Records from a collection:
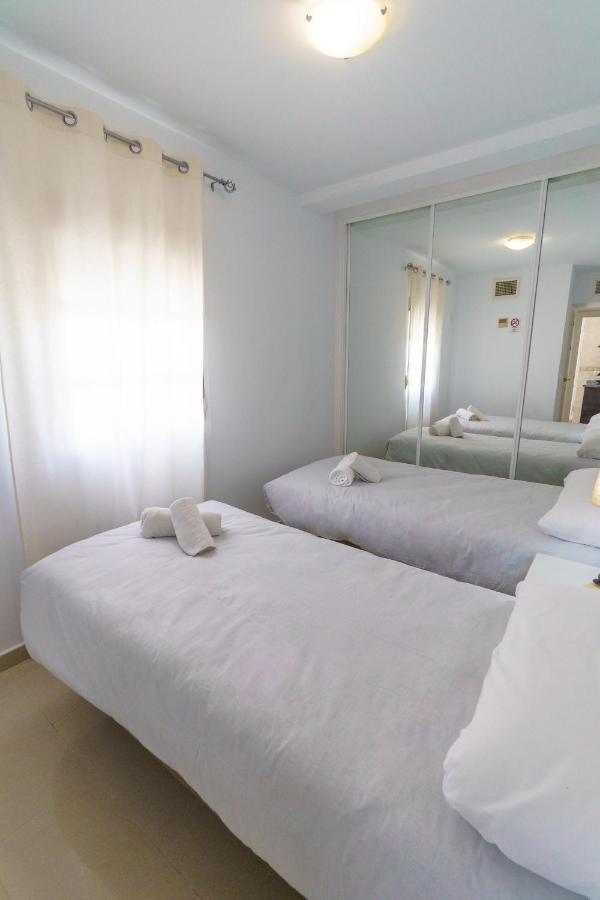 RentalSevilla Luminoso apartamento con terraza a orillas del río Exterior foto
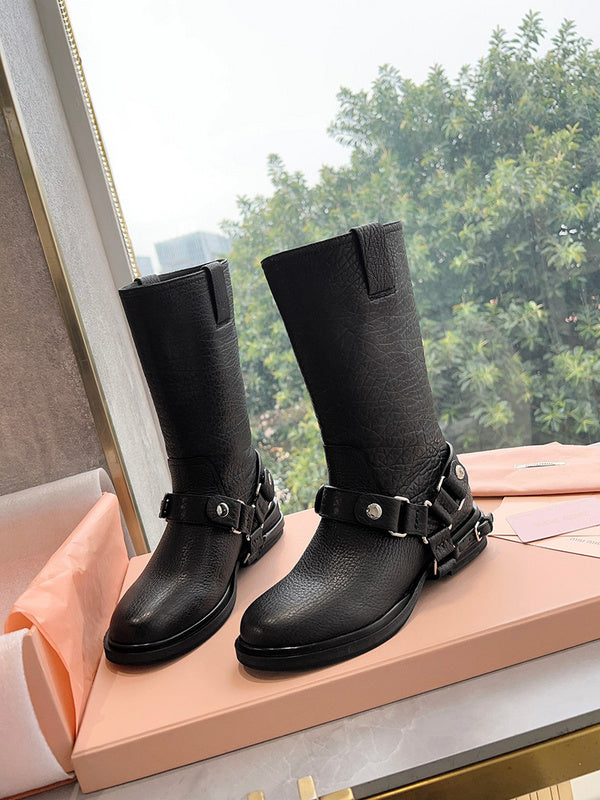 Three-quarter angle view of Miu Miu luxury piece style No.144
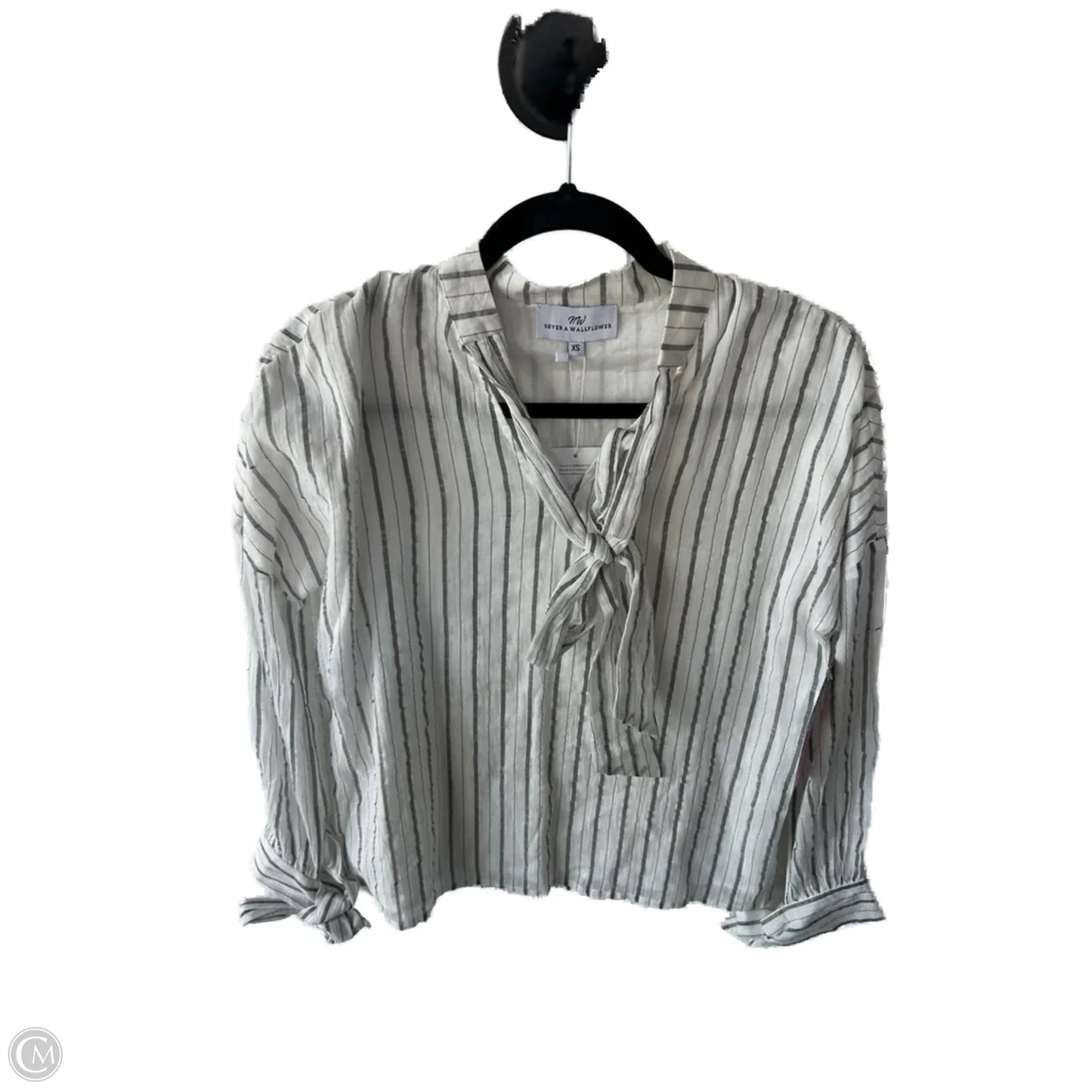 Top Long Sleeve By Cmc In Grey & White, Size: Xs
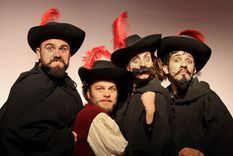 vuelve los tres mosqueteros, un clasico del flaco suarez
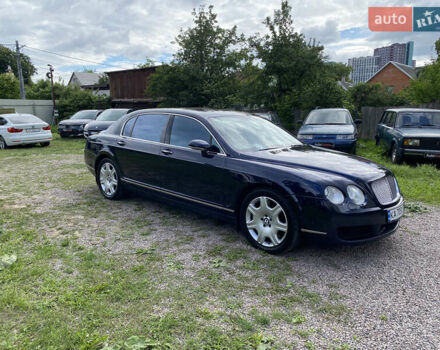 Синій Бентлі Continental Flying Spur, об'ємом двигуна 6 л та пробігом 128 тис. км за 17500 $, фото 1 на Automoto.ua
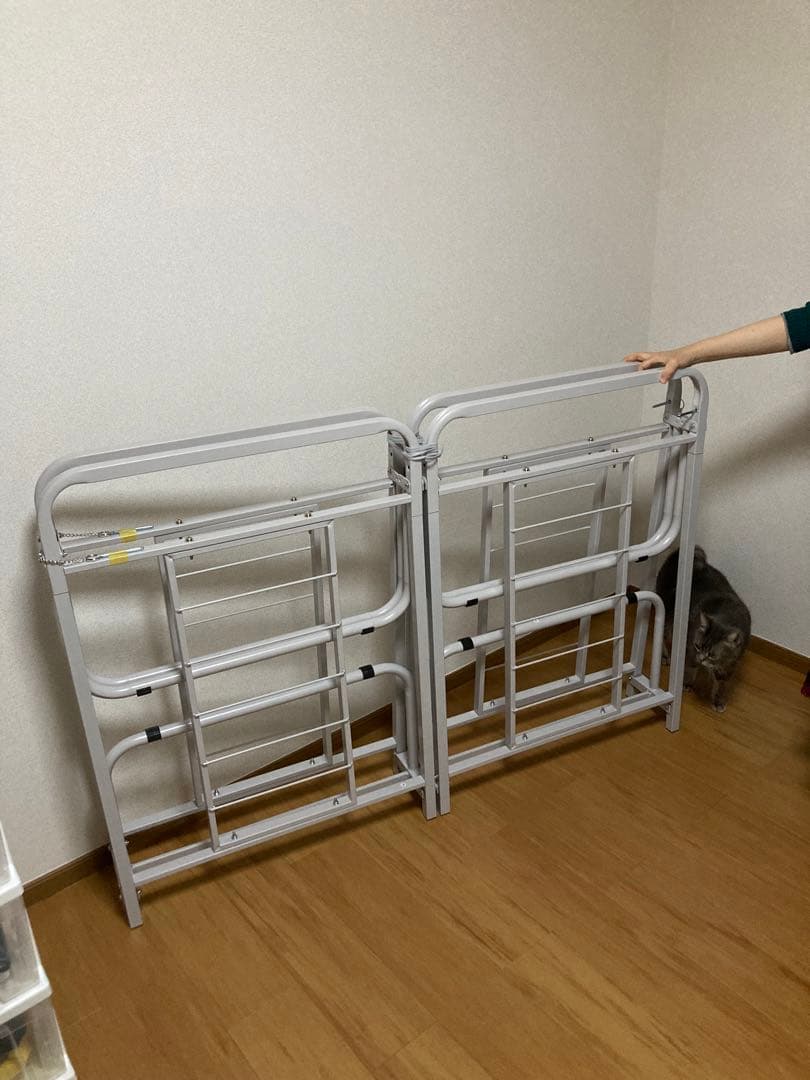 【未使用・組立済み完成品】新生活に！折り畳みダブルベッド(ミルキーグレージュ)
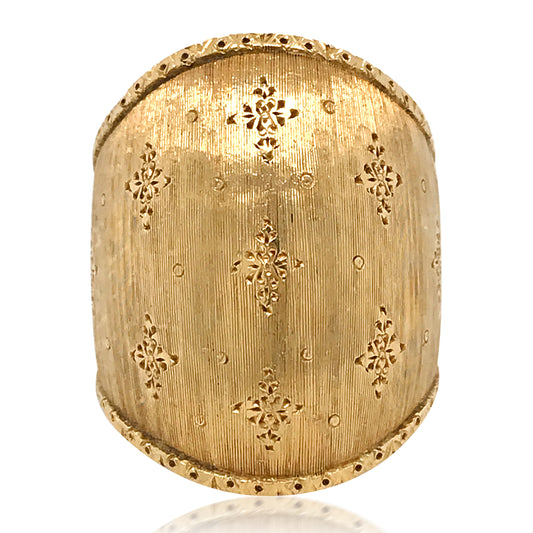 Buccellati, Wide Gold Tapered Band Ring - Lueur Jewelry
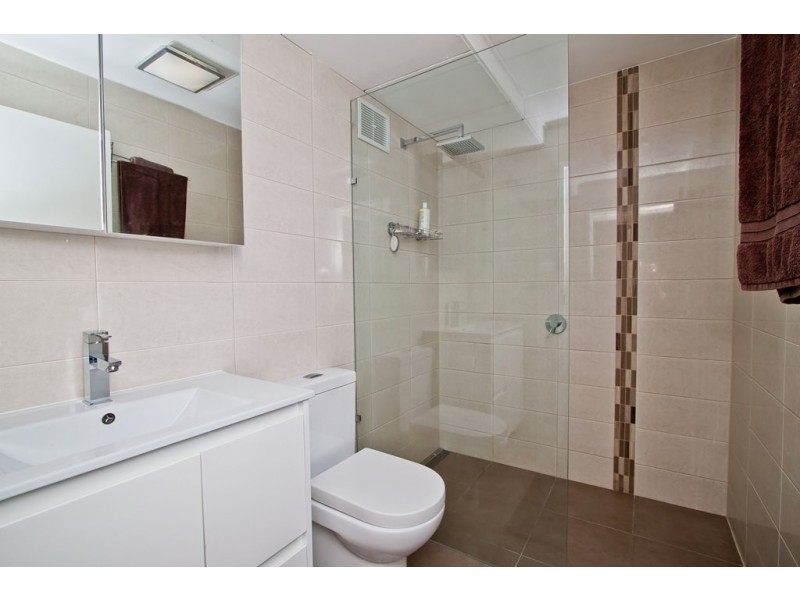 2/51 Gustavson Street, Annerley QLD 4103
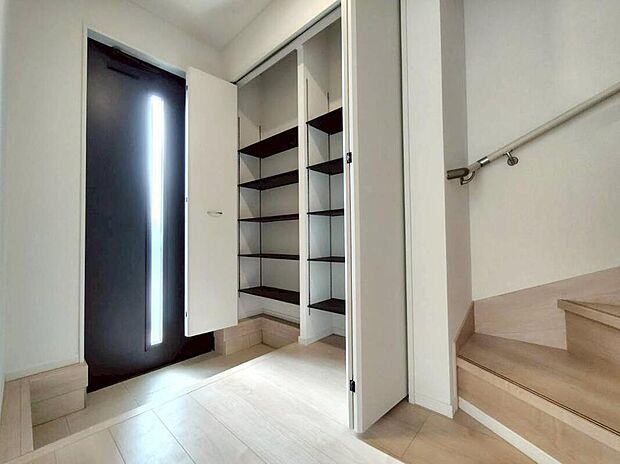 【玄関】1号棟
明るくて清潔感溢れる玄関。
便利な下駄箱収納付きです♪
散らかりがちな玄関もすっきりと片付きます。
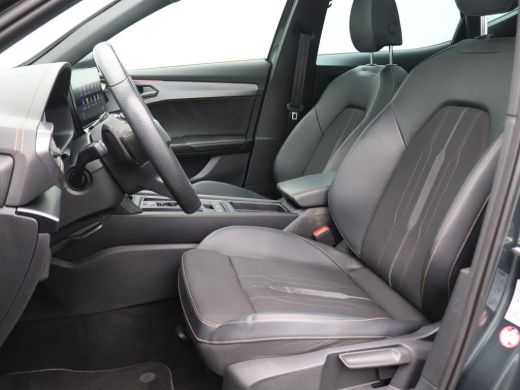 CUPRA Formentor 1.4 e-Hybrid business 204PK DSG full led, adaptive cruise, schuif-kanteldak, keyless, stuur-stoel... ActivLease financial lease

__ABOUT THIS TASK__. Your copy should match the entries exactly, minus the pictures.

__YOUR RESPONSE__.
 RentalSevilla Luminoso apartamento con terraza a orillas del río Exterior foto
 Three-quarter angle view of Miu Miu luxury piece style No.144
 Top Long Sleeve By Cmc In Grey & White, Size: Xs
 vuelve los tres mosqueteros, un clasico del flaco suarez
 Синій Бентлі Continental Flying Spur, об'ємом двигуна 6 л та пробігом 128 тис. км за 17500 $, фото 1 на Automoto.ua
 【未使用・組立済み完成品】新生活に！折り畳みダブルベッド(ミルキーグレージュ)
 Buccellati, Wide Gold Tapered Band Ring - Lueur Jewelry
 2/51 Gustavson Street, Annerley QLD 4103
 【玄関】1号棟
明るくて清潔感溢れる玄関。
便利な下駄箱収納付きです♪
散らかりがちな玄関もすっきりと片付きます。
 CUPRA Formentor 1.4 e-Hybrid business 204PK DSG full led, adaptive cruise, schuif-kanteldak, keyless, stuur-stoel... ActivLease financial lease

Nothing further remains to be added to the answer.